### Supplied data
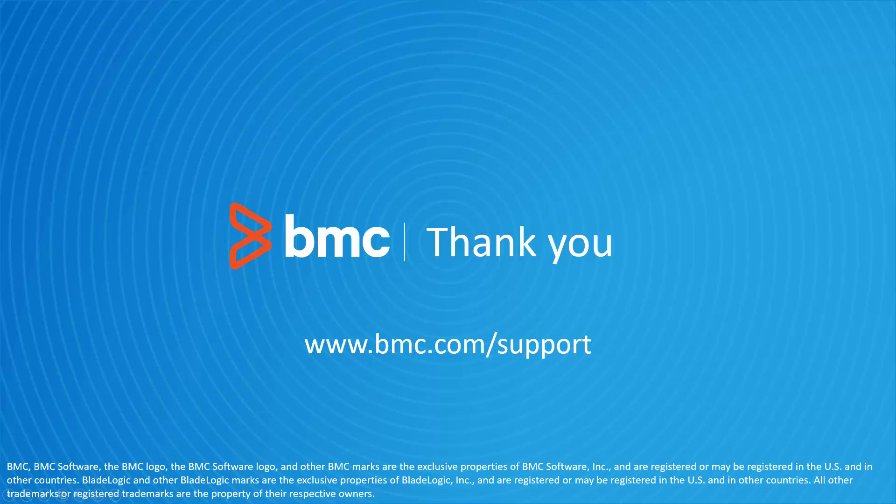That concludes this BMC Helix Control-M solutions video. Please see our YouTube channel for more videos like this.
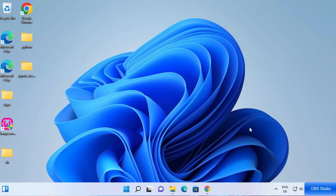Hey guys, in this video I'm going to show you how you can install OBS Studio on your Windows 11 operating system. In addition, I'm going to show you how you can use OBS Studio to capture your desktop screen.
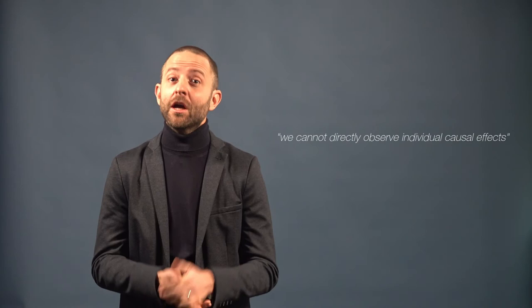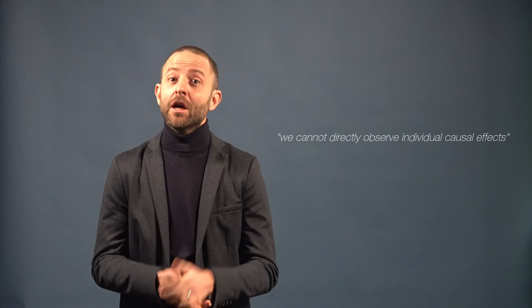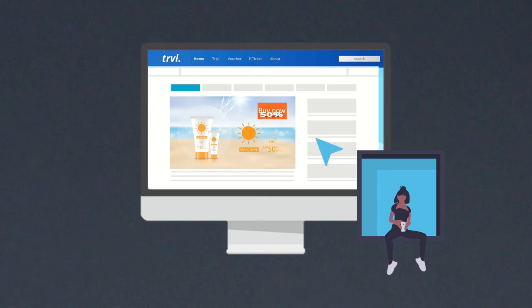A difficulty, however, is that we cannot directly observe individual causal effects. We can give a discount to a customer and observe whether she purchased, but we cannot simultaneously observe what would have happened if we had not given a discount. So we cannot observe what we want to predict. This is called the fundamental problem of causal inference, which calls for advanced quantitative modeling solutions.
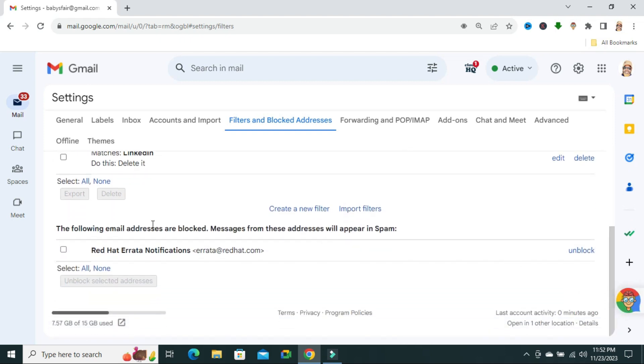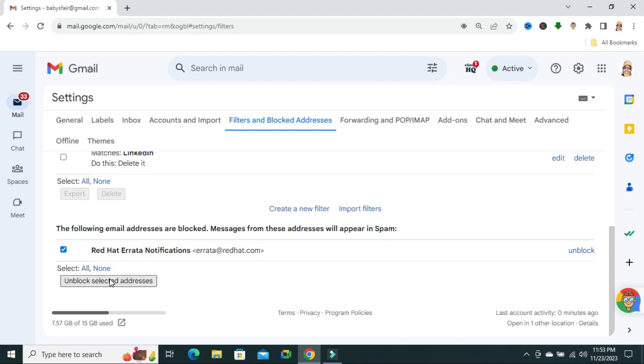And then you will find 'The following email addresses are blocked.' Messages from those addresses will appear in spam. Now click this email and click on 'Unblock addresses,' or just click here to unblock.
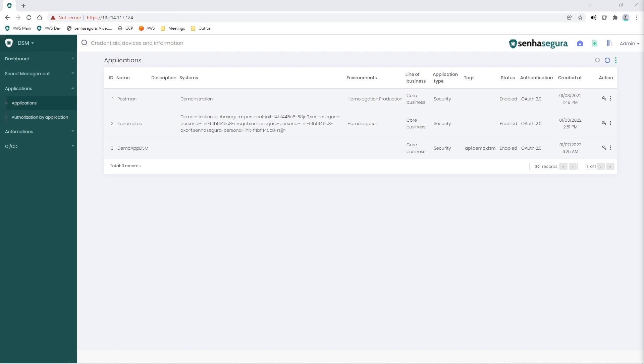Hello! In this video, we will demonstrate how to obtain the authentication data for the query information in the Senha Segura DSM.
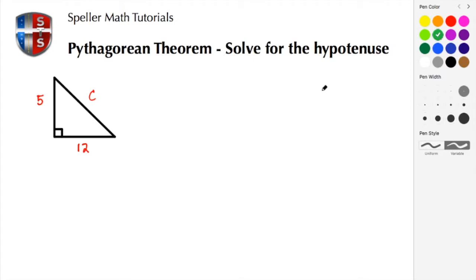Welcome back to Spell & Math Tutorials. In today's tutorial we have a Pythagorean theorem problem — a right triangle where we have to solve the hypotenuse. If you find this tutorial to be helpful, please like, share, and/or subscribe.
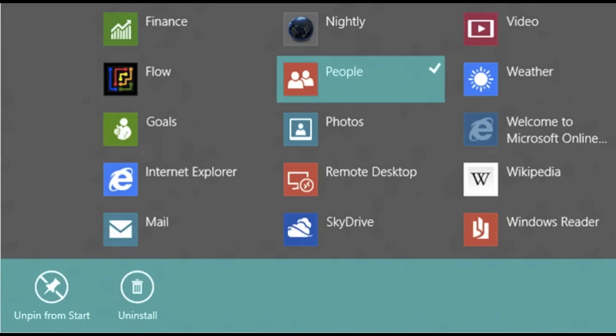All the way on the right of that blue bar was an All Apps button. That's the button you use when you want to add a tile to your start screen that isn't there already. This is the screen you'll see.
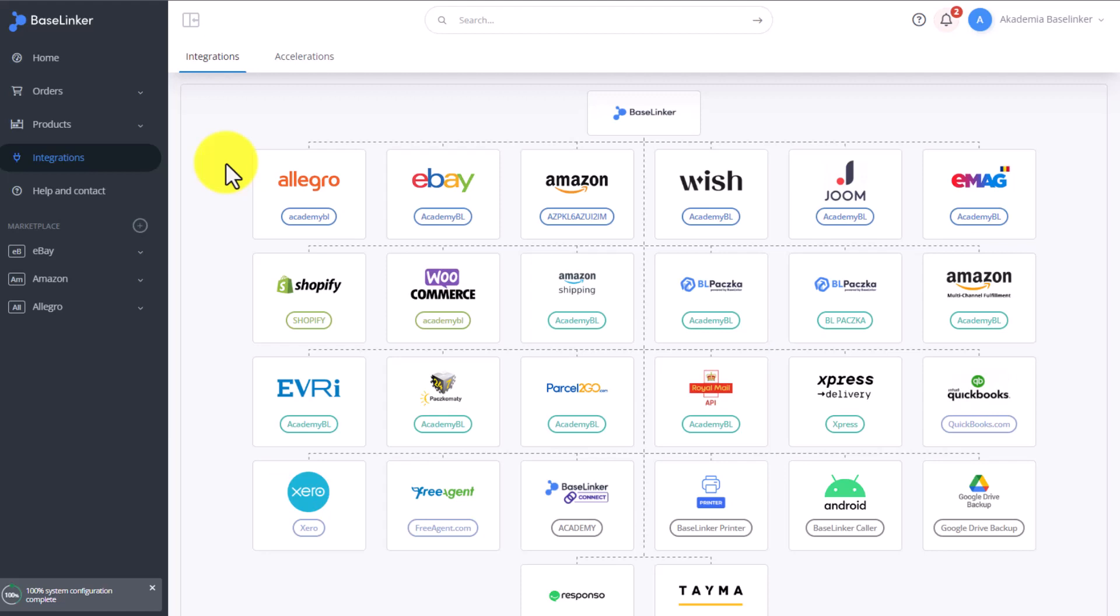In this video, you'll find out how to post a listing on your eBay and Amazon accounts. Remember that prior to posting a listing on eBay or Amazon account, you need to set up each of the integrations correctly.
==
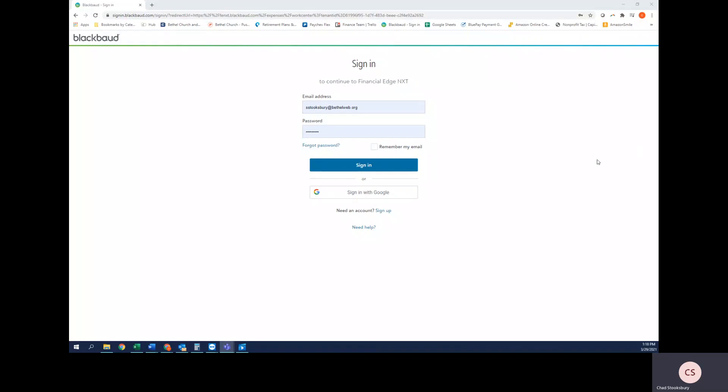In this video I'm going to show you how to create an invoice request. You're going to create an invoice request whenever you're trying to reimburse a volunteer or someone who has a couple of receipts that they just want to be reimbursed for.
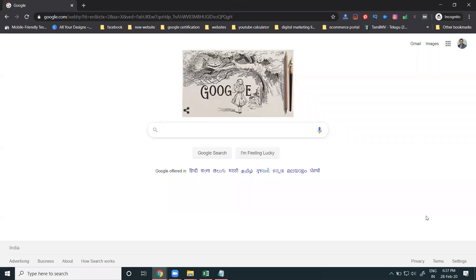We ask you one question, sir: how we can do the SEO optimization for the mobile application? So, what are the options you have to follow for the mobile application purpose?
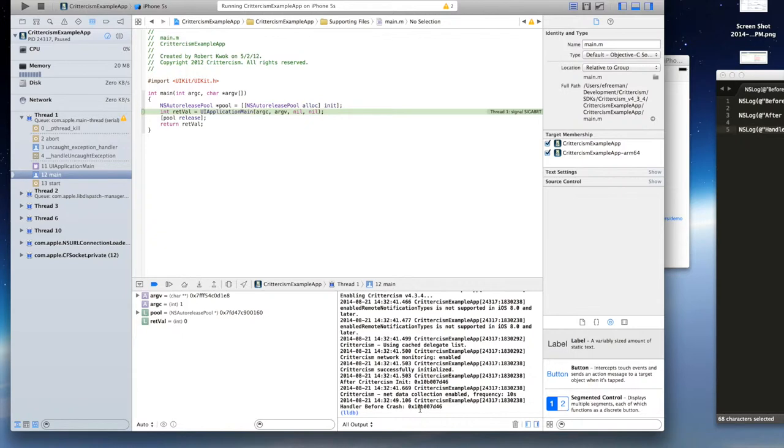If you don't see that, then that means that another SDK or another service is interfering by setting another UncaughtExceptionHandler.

### Problem details
The result should be an exact copy of only the lines above from the one that holds "A difficulty, however, is" through the one that holds "In this video, you'll", both ends included, without pictures.

### Answer to the problem
A difficulty, however, is that we cannot directly observe individual causal effects. We can give a discount to a customer and observe whether she purchased, but we cannot simultaneously observe what would have happened if we had not given a discount. So we cannot observe what we want to predict. This is called the fundamental problem of causal inference, which calls for advanced quantitative modeling solutions.
And then you will find 'The following email addresses are blocked.' Messages from those addresses will appear in spam. Now click this email and click on 'Unblock addresses,' or just click here to unblock.
Hello! In this video, we will demonstrate how to obtain the authentication data for the query information in the Senha Segura DSM.
Welcome back to Spell & Math Tutorials. In today's tutorial we have a Pythagorean theorem problem — a right triangle where we have to solve the hypotenuse. If you find this tutorial to be helpful, please like, share, and/or subscribe.
All the way on the right of that blue bar was an All Apps button. That's the button you use when you want to add a tile to your start screen that isn't there already. This is the screen you'll see.
In this video, you'll find out how to post a listing on your eBay and Amazon accounts. Remember that prior to posting a listing on eBay or Amazon account, you need to set up each of the integrations correctly.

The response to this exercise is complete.